I was recently asked to comment on the increased divorce rates in the Indian community and more particularly the increase in Indian woman being the plaintiff in the action. I thought i would share the questions and answers with you. As always, your thoughts and feedback is important to me.
It stated that more Indian women (54.6%) are filing for divorce than men. What are the reasons? Are they that women are more financially stable?
In the past there was a stigma attached to a woman who dared leave her husband. The reason for the breakdown was irrelevant to many and the resultant effect was that woman were more afraid to enter the divorce court for fear of being ostracised by society. In addition, there were more “home executives” who were financially dependent on their spouses. Our past cultures viewed the education of a woman as being unnecessary and of no importance, which further entrenched the notion by either gender that a woman’s place was at home and a man was the breadwinner. Now, woman have ascended to their rightful place as man’s equal, both at home and in the workplace. They now seek careers of their own and are no longer dependant on their husbands financially. This coupled with divorce no longer holding the same social taboo status it once had, makes the decision of exiting an abusive relationship a much easier decision.
Why are more male divorcees (5193) and widowers able to marry than divorced women? Is there a stigma attached to previously married women?
The stigma of divorce is almost non-existent with everyone knowing at least one other person who has undergone a divorce. It is now less of a question of whether a woman are able to remarry and more of a whether they want to remarry. Research has shown that the stress of a divorce is greater for woman than it is for men and this leaves woman less likely to take the plunge a second time. Also is most instances, the woman ends up with daily care and residence of the minors. The added burden of the children’s well-being, further prevents a woman from entering a new relationship as they are worried about the effect this relationships may have on the children. This is not to say that men don’t care about their children, but rather that its easier for a man to trust a new woman around his kids than it is for a woman to trust a new man. .
How are children affected by divorce? There was a large amount of Indians with children under the age of 18 divorcing.

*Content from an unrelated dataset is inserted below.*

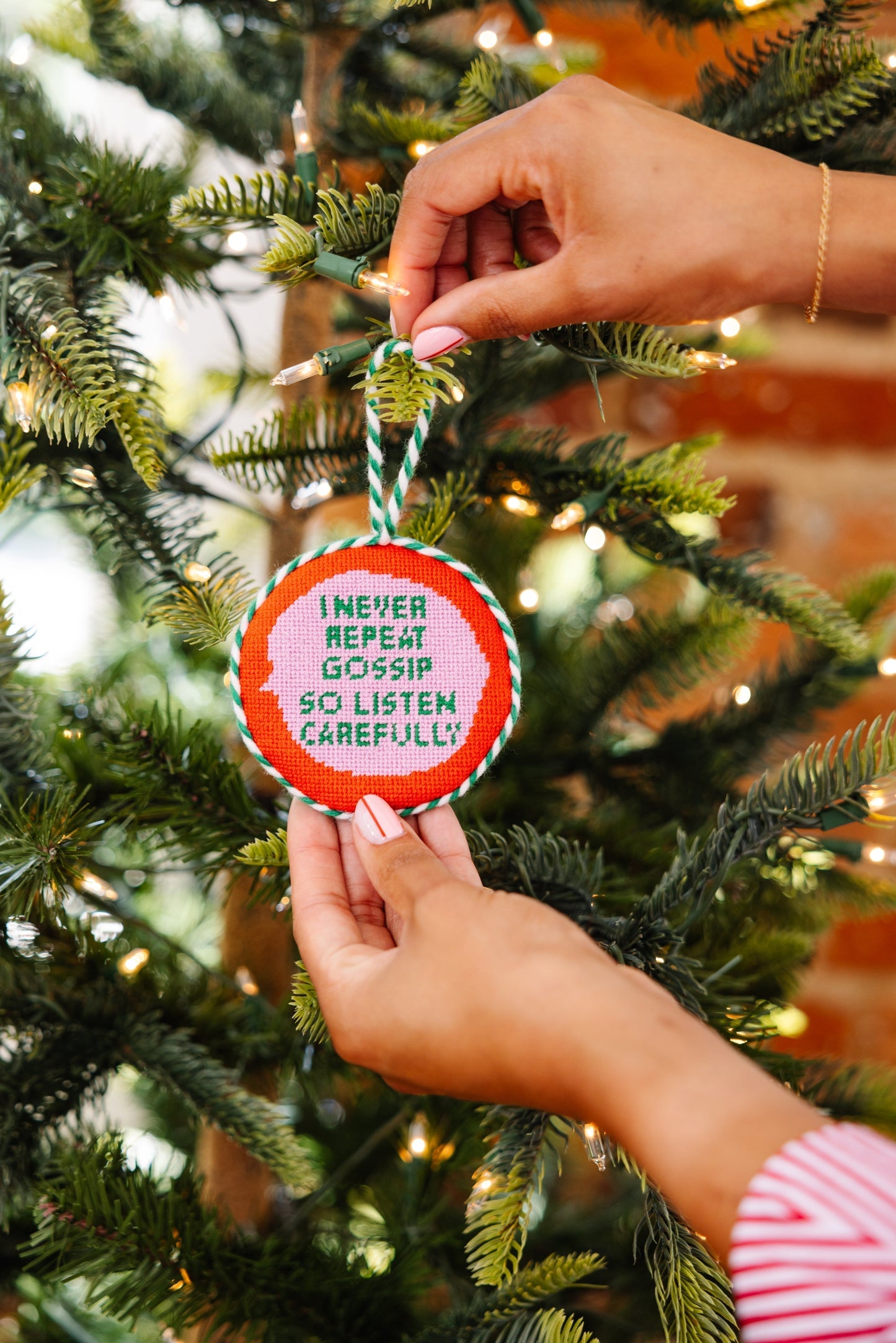 Needlepoint Ornament - Gossip - Furbish Studio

This is a very broad question and perhaps requires a separate discussion. Children are affected by divorce in different ways. There are a number of contributing factors to this including the relationships between the parents pre and post-divorce. Also the financial implications of the divorce on the parent the child lives with, the maturity level of the child as well as how empathetic the child is in general. A child’s reaction to a divorce can vary from growing up with commitment issues, to having low self-esteem. When they are younger they may act out or become withdrawn as a result of being unable to cope with their emotions. Conversely some kids are able to handle the stress and display no issues growing up with divorced parents.
Why is it that one quarter of Indian marriages end within 10 years?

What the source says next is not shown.